There’s a short story by Madeleine Thien called “A Map of the City.” The narrator in that story remembers a furniture shop her father owned when she was growing up. She loved going there so much she used to pretend to be sick in order to get out of school and be taken to the store instead. There she would lounge on a plastic lawn chair in a doorless storage closet with a little curtain pulled closed for privacy. During one of those times a customer stumbles upon her:
“Jesus Christ,” the man said, stepping backward, his hand dropping the curtain… The man stared at me, aghast.
I have trouble remembering how the rest of the story goes but I think about that scene a lot. Especially how it felt to read. I felt embarrassed. For her or him, I’m not sure which, but I could picture his face. And hers. It’s something about the awkwardness of being caught (or catching someone) playing in some private way, perhaps, that I can’t escape it. Or get enough.
Earthling by German artist and illustrator Aisha Franz is filled with wonderful little moments like this. In fact, a scene very similar to Thien’s occurs when one of the three protagonists, Mädchen’s mother, goes to the dry cleaners and spots a little Asian girl, sitting up on a high shelf, fiddling with a rubik’s cube.
Mädchen’s mother and the child stare at one another until the clothes arrive. The encounter lasts no more than a few panels. The scene is brief, random, quiet and highly awkward. But also kind of perfect. And it’s not just that scene; it’s the book in general.
When it comes to Earthling things don’t quite fit together. Of course, that’s part of the general theme—the strange alienness of adolescence. But the story isn’t just about young Mädchen; it’s about her mother and older sister too. They’re all kind of a mess. And they look it too, especially given Franz’s smudgy aesthetic (which can take some getting used to).

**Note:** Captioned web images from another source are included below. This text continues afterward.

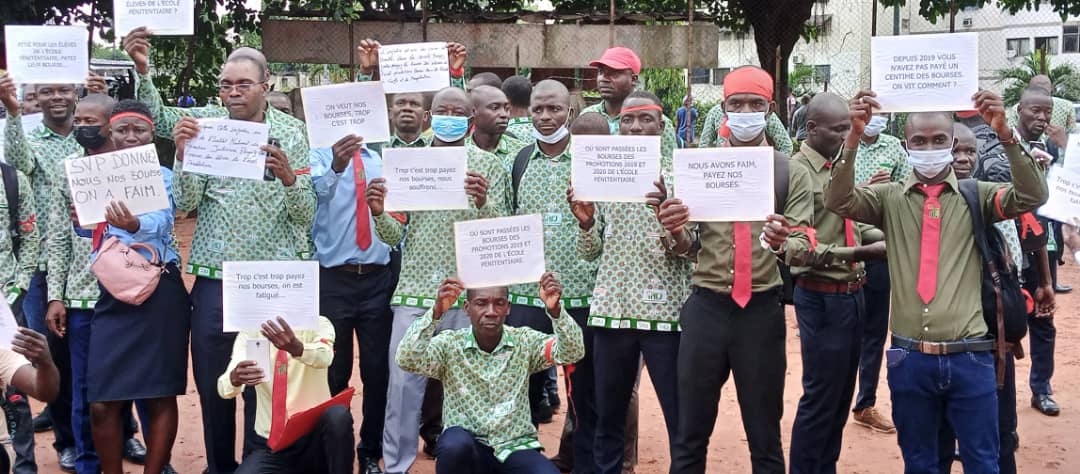 Bourses impayées à l’INFJ / Les étudiants manifestent, l’administration promet le règlement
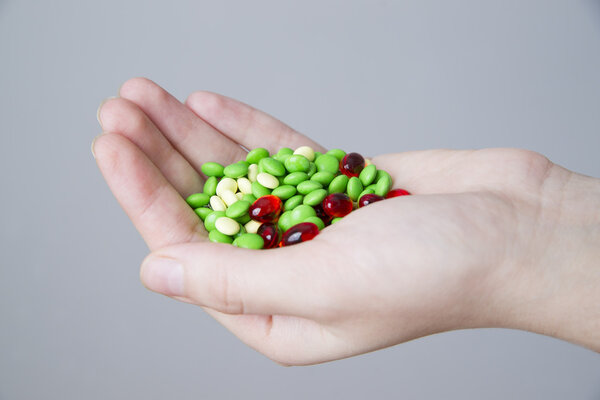 Таблетки у женщин в руке
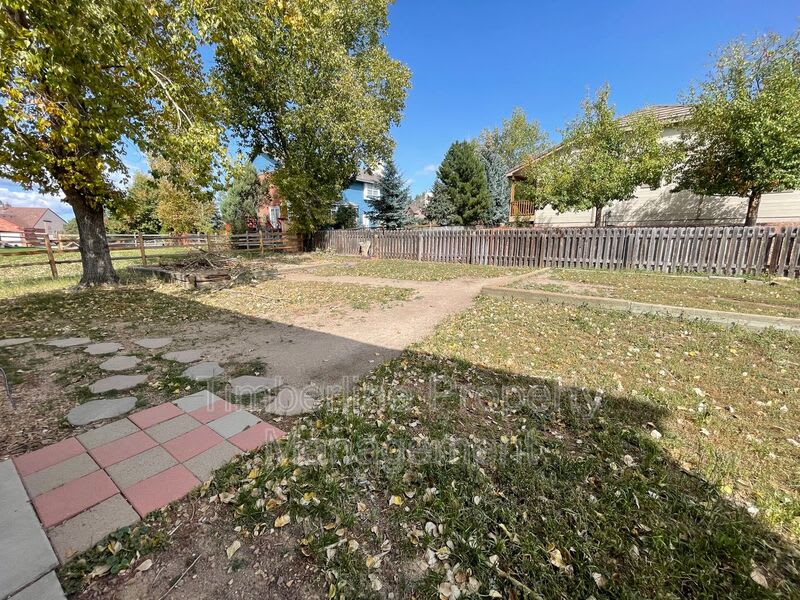 320 Rangely Dr – photo 2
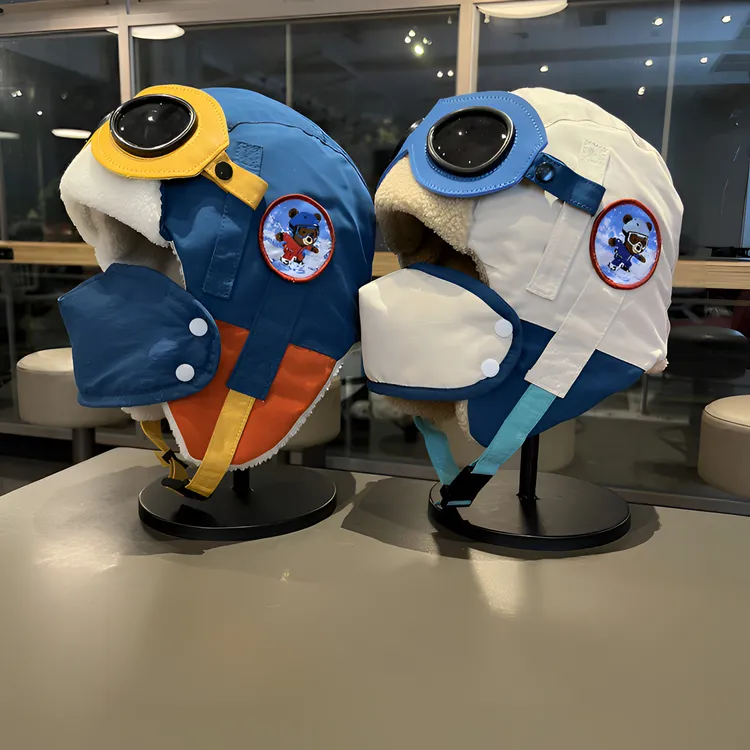 儿童帽子冬季男女童飞行员雷锋帽中大童防风护耳口罩眼镜滑雪帽冬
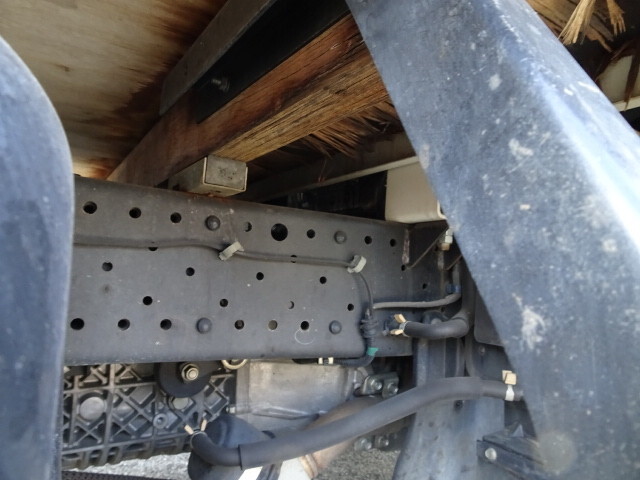 いすゞエルフアルミブロック小型（2t・3t）[写真34]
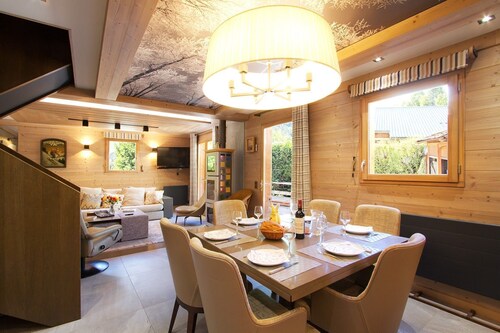Chalet spacieux + jacuzzi |  Téléphérique à 500 m
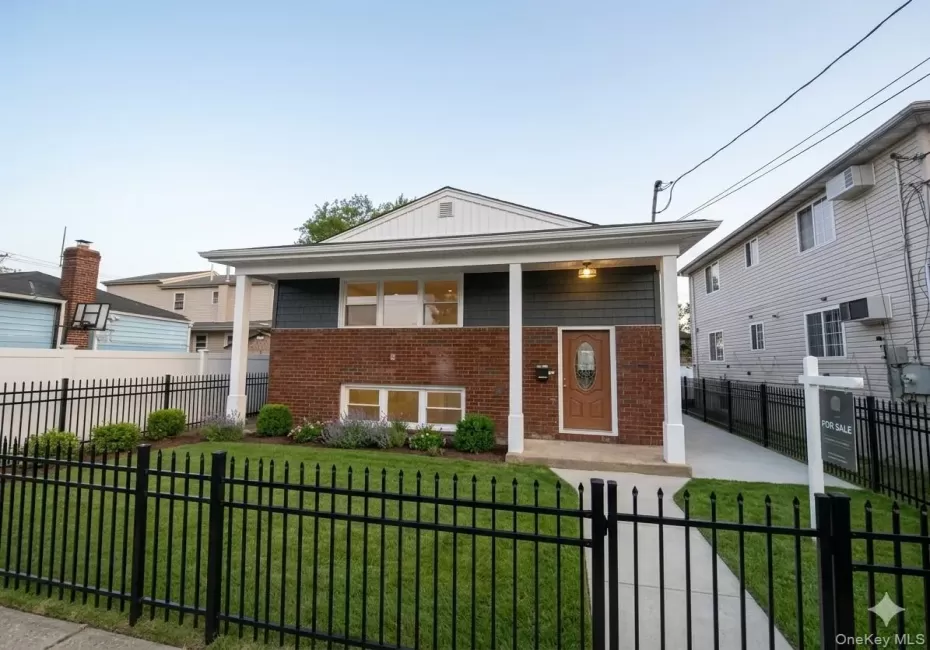 22536 111th Avenue, New York, NY, 3 Bedrooms Bedrooms, 4 Rooms Rooms,1 BathroomBathrooms,Residential,For Rent,111th,0,1007662 22536 111th Avenue, New York, NY, 3 Bedrooms Bedrooms, 4 Rooms Rooms,1 BathroomBathrooms,Residential,For Rent,111th,0,1007662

A smudge can suggest such different things. While it can appears as a rather humble sign of being mistaken i.e. rubbing something out (or having tried to); there’s also a certain audacity to it, like rubbing something in (or purposefully making things worse). Earthling plays with both these extremes. Scribbles extend well past the edges of the frame or appear without a frame at all. Franz has the confidence to draw outside the lines, sure, but there’s lack of intention to it too — the absence of some clear or expected message about the inherent messiness of life or what it means to grow up. Things don’t tie together nicely like that.
In this way, the story isn’t smooth or straight-forward. The penciling may feel child-like, but it’s not nostalgic. There’s no comfort or narrative familiarity to rely on. The most notable thing about Earthling is, rather, the effect it has. When I finished reading I half expected to look down and find lead on my fingertips. And maybe that’s it: Earthling gets your hands dirty. And, like the antics of its three characters, caught up as they are in their own embarrassingly intimate moments, it forces you to take a step back—aghast, perhaps—because those moments can’t help but rub off on you too.